The extra-gc library adds custom garbage collection functionality to Chez Scheme.
Specifically, it provides a centralized mechanism for releasing resources not covered by
Chez's default behavior.
The library exports the following functions:
-
add-collector!
-
custom-collect
-
make-custom-collector
(add-collector! collector-function)
add-collector! accepts a function argument and adds it to the
internal list of custom collectors. The argument should be a function that
accepts no arguments. make-custom-collect returns a function valid for use
by add-collector!.
(custom-collect)
custom-collect is a function that accepts no arguments.
It runs Chez Scheme's collect function and then calls all the registered
collectors. This is exported for convenience and application users are
not required to use it. The library sets custom-collect
as the collect-request-handler as a side-effect of loading the library.
(make-custom-collector free guardian)
(make-custom-collector free guardian count)
make-custom-collector accepts either two or three arguments.
The first argument should be a function that accepts a single argument
and releases whatever resources are associated with that object.
The second argument should be function which is a
guardian.
The third argumemt, if provided, should be a positive exact integer.
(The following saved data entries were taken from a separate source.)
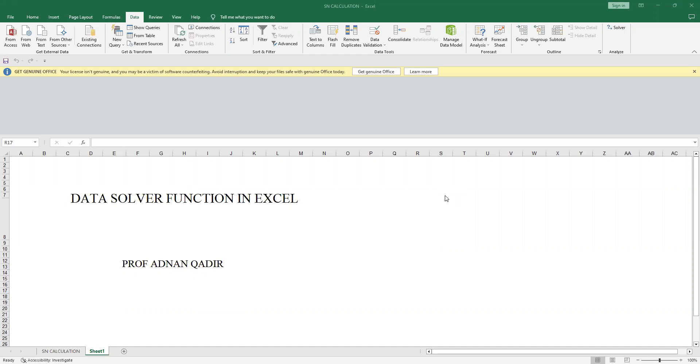this is a double knowledge lecture. On one hand, you will know how to use this Data Solver function for other applications as well, and on the other side, you will actually know how to design a pavement or how to calculate SN values when you are using AASHTO method of flexible pavement design. So let's go with it.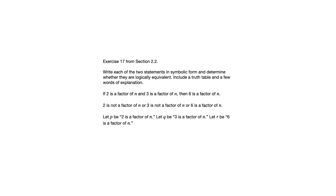So if we name some variables, let's call P 2 is a factor of n, we'll call Q 3 is a factor of n, and we'll call R 6 is a factor of n.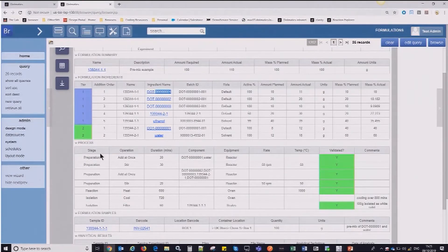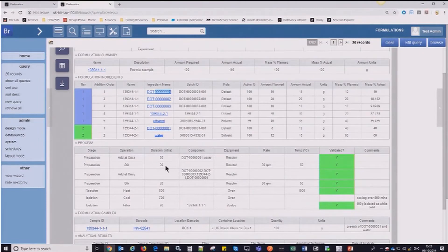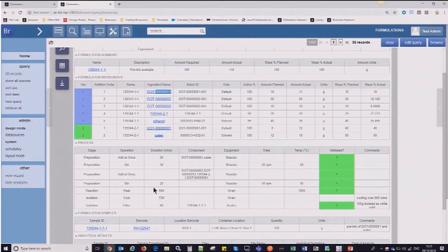Moving on to the process step, that's all captured here, and for those of you that are familiar with browser, you know that you can then search all of this information as well. So if you are interested in finding a formulation that has certain ingredients and has had particular process steps involved in the production of it, that can all be searched. I've got information here such as the various stages and operations that were performed on this formulation, the components that were used at each step, and some information about the equipment.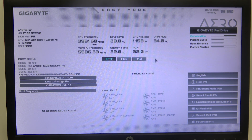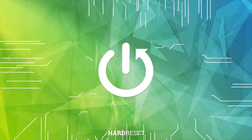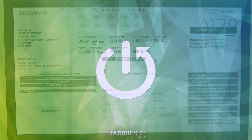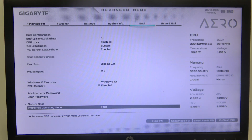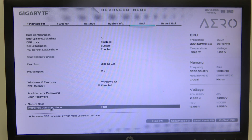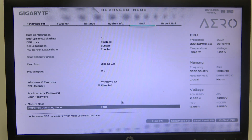In this video I want to show you how to change the preferred operating mode on a Gigabyte motherboard. To do this, first you need to open the advanced BIOS settings and navigate to the boot section. There you'll be able to find preferred operating mode and you can switch between auto, easy mode, or advanced mode.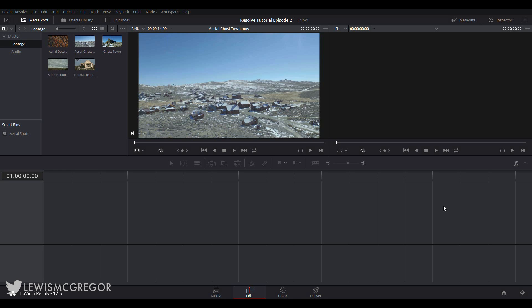Hey everyone and welcome back to the DaVinci Resolve editing tutorial series here on Ugly McGregor. Here in episode 2 we are going to have a look at the user interface and some of the core functions of the edit page.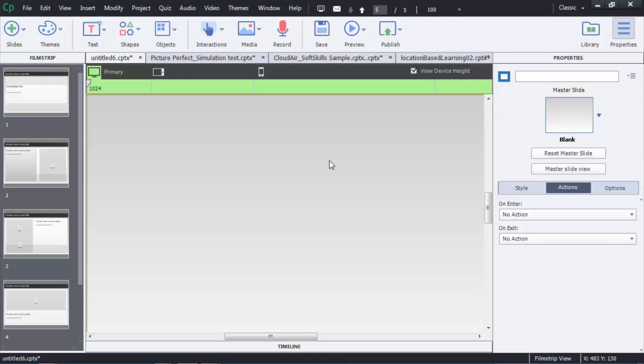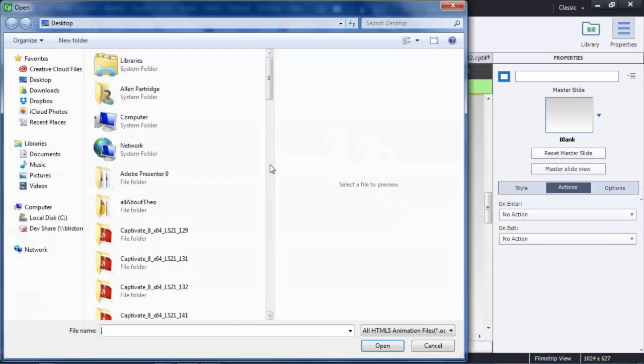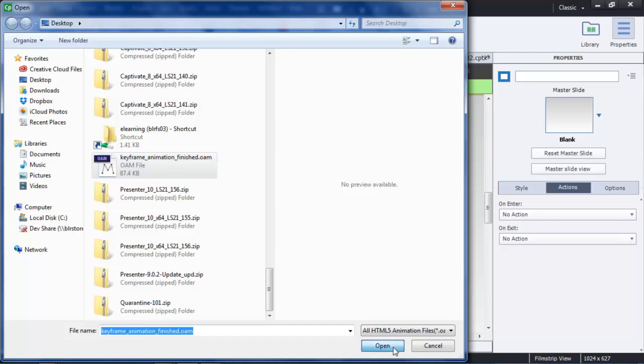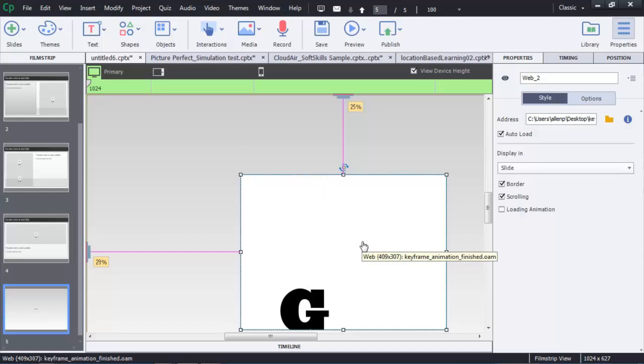Then go to Adobe Captivate. In Adobe Captivate you're going to choose Media and then HTML5 Animation. Find your OAM file, here's mine, and then click Open. Once you've done that, the file will load in Captivate.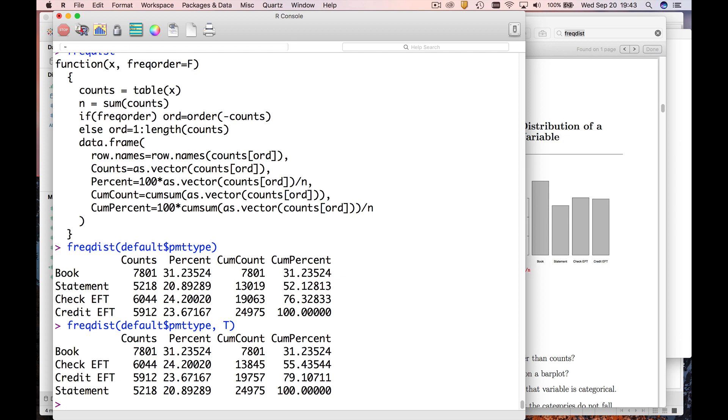So it sorts by these frequency values instead of the factor levels. So notice book was one, statement was three, credit and checking were four and five. All right, so how do we get a bar chart?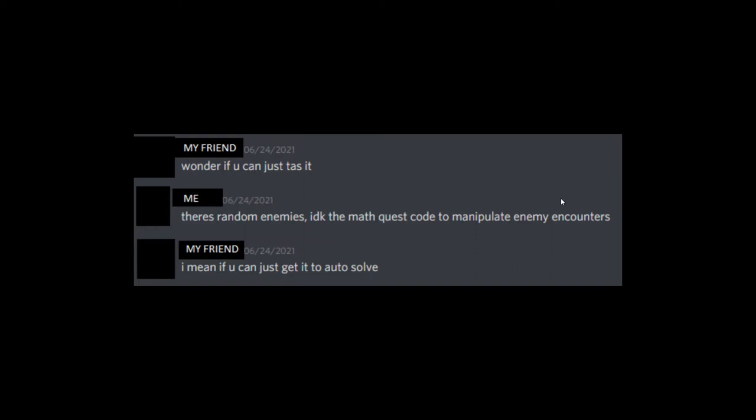Well anyways, it all started when my friend and I were talking about Math Quest speedruns a few days ago. My friend brought up the topic of auto-solving the problems, and this piqued my interest, so we started investigating into this matter.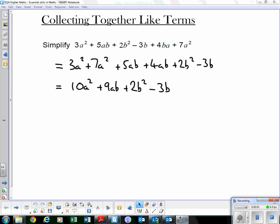We have the Essential Skills chapter from the Heinemann Higher Mathematics textbook. These are the skills you should be fluent in from National 5 Maths — if you're not, you're going to struggle at Higher. These need to be second nature to you. We'll go through each individual exercise. This is Exercise 1: collecting together like terms. I'm just going to go over an example or two for each exercise, which may help if you've forgotten what to do.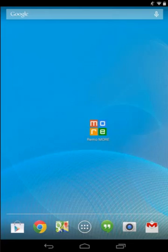Hi there. Let me show you how to use Remo More software on an Android device.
It
determines how many objects returned by the guardian procedure are processed
for any single collect. If not provided, count defaults to 100
make-custom-collector returns a nullary function that passes objects returned
from the given guardian procedure to the given free procedure
at most count number of times.
This library is currently only written for Chez Scheme. This will work on
either threaded or non-threaded version of Chez Scheme. If Chez Scheme is threaded,
the add-collector! and custom-collect functions execute inside a mutex.
If the free or guardian procedures invoke a continuation, you're on your own.
Guardians in Chez Scheme will accept the same object multiple times and return that object the same number of times. If necessary, the free procedure should handle this case.